AD: My writing process is pretty scattered. Often I’ll begin with a project in mind—whether it’s a group of poems like a sonnet crown or an idea for an individual poem. Much of my poems are based (at least initially) in memory so I’ll try to get my thoughts on/from a specific event onto the page. This phase is very diaristic but gives me a foundation to work from as I start to lineate and make things weird. This is a frustrating process because the results always look like failure and the poems are usually eventually placed into a large document with its siblings. When I go back to that document I’ll try to move lines around from one to another and make them cannibalize each other.
This is nodded toward in “The Poet” which, as you mentioned in an earlier question, is very much an ars poetica centered around my frustrations with this process.
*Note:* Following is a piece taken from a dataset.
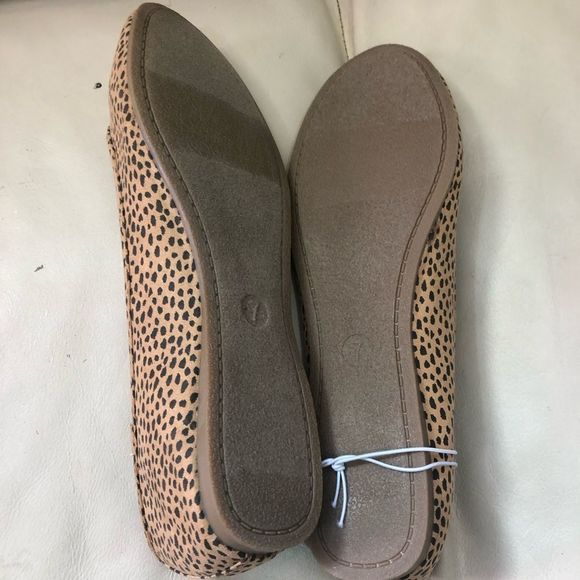 🔴 2 for $25 Universal Thread Animal Print Flats - Picture 5 of 6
That poem began as a much shorter piece with a different title and different beginning and was nowhere near complete. I might have showed it to three people who were like, “uh-huh,” and then I left it alone for a year or so in that large document. Then I began to work on a series (also failed, also tucked away) of poems about Antinous (the famously drowned/sacrificed paramour of the Roman emperor Hadrian). I was interested in the idea of control in relation to this young man whose life, I was arguing, was lived in service to the epitome of power and only achieved control over his own life in death, but there I was playing with him like a kind of doll. It made me uncomfortable and I could tell that the project wasn’t working, so I started moving things around. Some lines from this Antinous poem merged with lines from the earlier one and became an early draft of “The Poet”, which is much more about myself and the frustrations I feel while writing.
“The Prostate” and “The night breeze” are kind of unique for me in that they haven’t changed a whole lot since I first wrote them. Or at least nothing very dramatic has happened to their language/shapes. The latter is one of the few poems I’ve written that I don’t think has ever changed beyond a word or two. I’d been awake at night in Raleigh thinking about my parents and it just sort of happened that I reached for my computer and got to work. I might have moved some things around, but overall, it really was a kind of one-and-done poem. I wish that happened more often for me.
I’ll often change where lines are broken in “The Prostate” because I can never agree with myself on what works better. I’m so happy that that one’s been picked up by Four Way so that I can stop tinkering with it for a bit. One large edit I remember making in the tenth draft or so involved the positionality of the speaker at the end. He was originally dominant with his lover and that became frustrating for me since the poem is so much about admitting to vulnerability. I felt like this speaker needed to be the one whose body was vulnerable to demonstrate the changes that have occurred within his mind. It made the poem less about the titular organ and more about the speaker’s understanding of himself.